Em nota, o Movimento dos Trabalhadores Rurais Sem Terra (MST) classifica o projeto como “desnecessário e inconsequente”, e que se soma a outras iniciativas de setores conservadores do Congresso Nacional. “Vivemos tempos em que tudo é criminalizado. Jovens pobres e negros são os maiores alvos da violência e de um sistema de justiça criminal seletivo e com claro recorte de classe.”, denuncia o Movimento.

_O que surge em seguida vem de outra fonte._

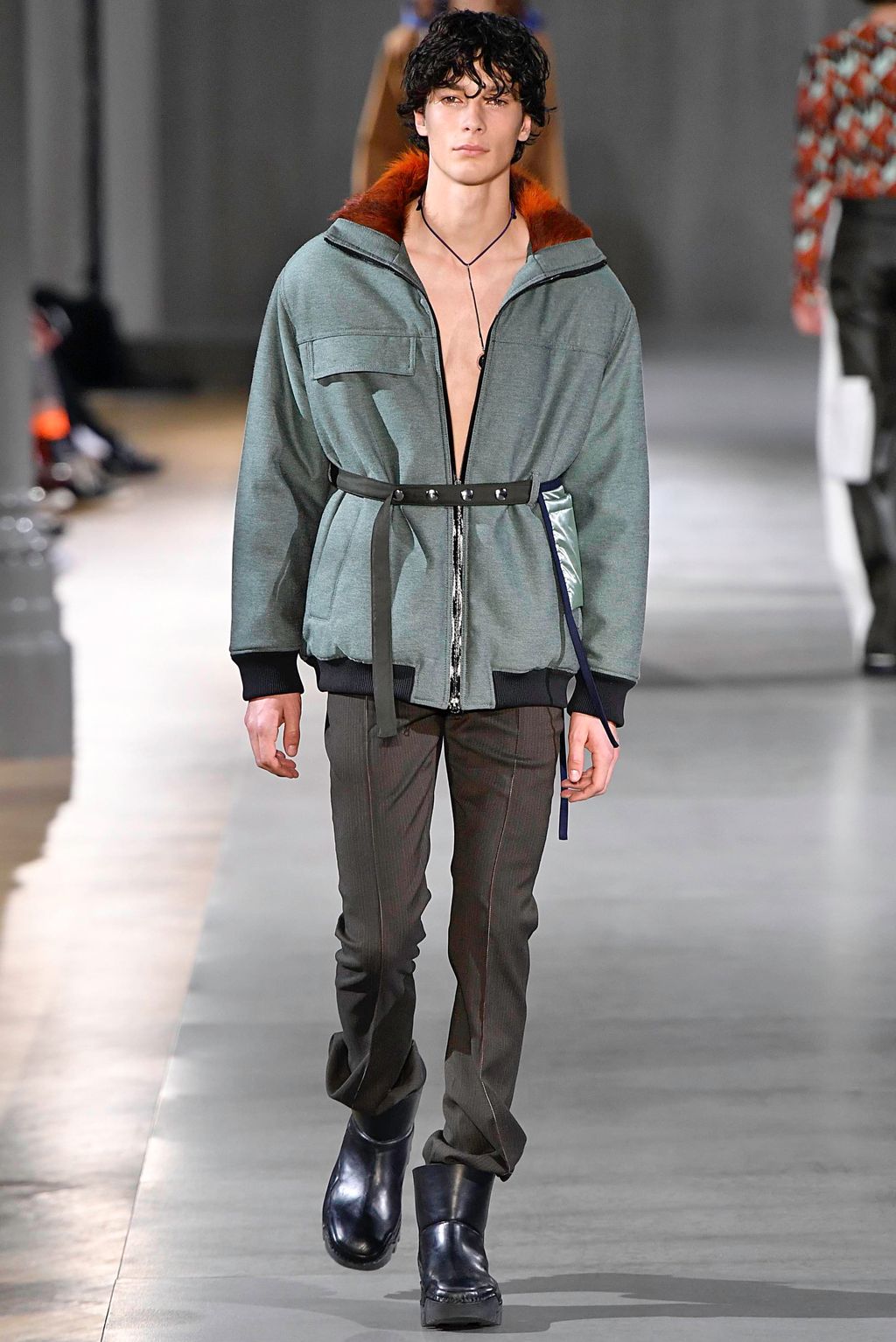 Fashion Week Paris Fall/Winter 2019 look 8 from the Acne Studios collection 男装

Entidades ligadas às igrejas, entre elas o Conic (Conselho Nacional de Igrejas Cristãs do Brasil) e o Cimi (Conselho Indigenista Missionário), lançaram um Manifesto de repúdio à tipificação do terrorismo. Para as organizações, a proposta incrementa o Estado Penal “segregacionista” e funciona como mecanismo de contenção das lutas sociais democráticas. “Assim, fica claro que este dispositivo, caso seja aprovado, será utilizado pelos setores conservadores contra manifestações legítimas dos diversos movimentos sociais, já que tais lutas são realmente capazes de trazerem indignação para quem há muito sobrevive de privilégios sociais”.
Uma petição pública está recolhendo assinaturas para pedir que a presidenta vete o Projeto de Lei e “honre sua biografia”, garantindo um Brasil mais democrático. Também foi lançada a hashtag #SouTerrorista, para ser usada nas redes sociais em protesto contra o projeto.